When “Saturday Night Live” returns at the end of September, it will face the loftiest expectations in its 42-year history. The show’s most recent season, which skewered the 2016 presidential election and subsequent Trump administration, enjoyed banner ratings and earned more Emmy nominations than any other year since it debuted.
McKinnon has had a bustling summer. We hopped on the phone with her in June, right before her rowdy comedy “Rough Night” opened. But she was instead promoting the animated girl-power movie “Leap!,” which opened Aug. 25 and features three characters voiced by McKinnon, including a villainous blue blood. Since our conversation, the actress earned her fourth Emmy nomination for “SNL” ― she won her first last year ― and appeared on an episode of the Netflix comedy “Friends from College.”
We asked McKinnon to reflect on the outgoing “SNL” season and whether she’s using the summer to decompress from all that political fodder.

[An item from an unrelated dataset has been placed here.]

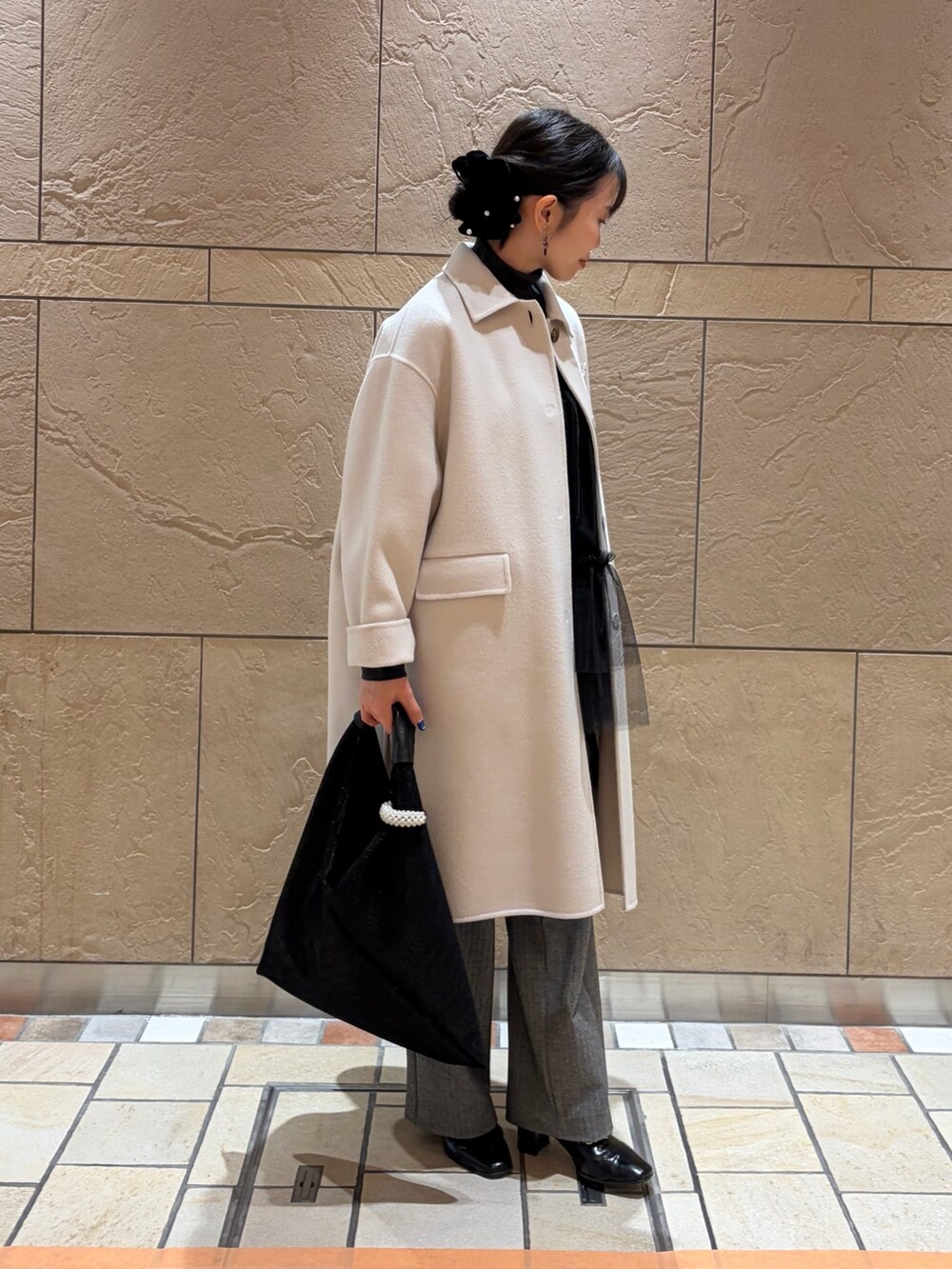 ベージュ系のステンカラーコート、グレー系のニット/セーター、ブラック系のキャミソールを着用したレディースの冬コーディネートの4枚目の写真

Plus, we chatted about the celebrity impression she was most surprised to be asked to perform.
The key to your “SNL” success comes in your physical comedy. Even in a short sketch or “Weekend Update” appearance, your entire body morphs into the character you’re playing. When you’re in a studio recording a voiceover, are you still as animated?
That’s an interesting question. Yes, because you have to channel whatever energy or movement you have into your voice, so my arms are flapping like an albatross. Whenever I do a voiceover, I’m gesticulating so wildly to try to get my voice to modulate in a certain way.
That must be particularly applicable when you’re playing a villain.
Yes, I did find that my hands turned into these sort of talons while I was doing it. I love playing villains and then doing a quiet version of it. That is somehow more menacing than straight-up screaming, so I try to mix it up a little. You get to do every line as many times as you want, so often I would just say 10 versions of it and then they pick what they like.
It’s hard to avoid the aggressive news cycle right now, but do you find yourself trying to tune out politics during the “SNL” off-season since the show became so political last year?
No, I’m still reading as much news. It’s sort of a breather that I don’t then have to go write about it, but I’m still reading.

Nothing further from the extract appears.